Moorhead objected to the Magistrate Judge’s report, saying that his due process was denied on multiple grounds — his right to be heard was denied, the lack of notice when other matters were being considered, the judge’s findings based on interviews with unnamed people, and the lack of specificity on which ethical rules, if any, he had violated. 

Moorhead’s objections were overruled, however, by a panel of 13 appeals court judges of the Third Circuit, who approved and adopted the recommendations of the original Magistrate Judge.

The appeals panel concluded that Moorhead’s right to be heard could have been exercised on paper, in the form of his response and objections to the Magistrate Judge’s report. He was properly notified of the scope of the investigation and the allegations against him, the panel found, and his objection to not being able to identify and cross-examine the witnesses was rejected because of confidentiality concerns. “The Virgin Islands is a small, close-knit legal community, and Attorney Moorhead himself is related to the Chief Judge of the District Court,” the panel held.

The District Court panel found that the disciplinary proceeding against Moorhead did not require adherence to the rules of evidence, nor did it exclude hearsay or guarantee a right to cross-examination.

The appeals panel similarly dispensed with Moorhead’s objections when it came to being apprised of specific ethics breaches, noting that having been admitted to the Bar of the District Court since 1988, the attorney should be “thoroughly familiar” with the Model Rules of Professional Conduct.

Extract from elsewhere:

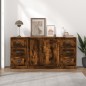Credenze 3 pz Rovere Fumo in Legno Multistrato Credenze 3 pz Rovere Fumo in Legno Multistrato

Following the conclusion that the Magistrate Judge’s recommended suspension be upheld, the Virgin Islands Office of Disciplinary Counsel filed a copy of the District Court’s Order with the Virgin Islands Supreme Court, who then directed Moorhead to argue why the Supreme Court should not impose the same disciplinary action as the District Court. 

Moorhead said that the District Court’s procedure was so fatally flawed that he was deprived due process in the matter, and thus the Supreme Court’s adoption of the same discipline would “result in a grave injustice.” 

Moorhead noted that the Chief Judge of the Third Circuit, temporarily designated as a District Court Judge, directed the Clerk of the District Court not to process an appeal Moorhead had filed to the Third Circuit Court of Appeals.

Amid more legal wrangling, the Board of Professional Responsibility asked the Supreme Court, and the Supreme Court agreed, to defer a decision on imposing identical discipline until Moorhead’s requests for review of the District Court’s decision were exhausted. 

Moorhead’s petitions to get the matter reheard or reviewed were unsuccessful, all the way up to the United States Supreme Court.

With the District Court’s decision left to stand, it was then up to the Virgin Islands Supreme Court to decide whether it would impose the same discipline — a two-year suspension with significant re-admission conditions — on Moorhead. 

Ultimately, the Court found that the Magistrate Judge did not properly provide Moorhead with an opportunity to be heard, and thus concluded that Moorhead did not receive the due process protections entitled to him. Therefore, the automatic imposition of reciprocal discipline was unwarranted. 

This does not mean that Moorhead’s disciplinary woes are over, however — the District Court’s suspension still stands, and as the Supreme Court noted, the original complainant has also filed a complaint with the Office of Disciplinary Council. Should that body rule against Moorhead, the attorney could face a period of suspension from the Supreme Court Bar as well. 

The Supreme Court’s November 28th ruling means that any such discipline, however, can only come after a separate investigation and prosecution is carried out.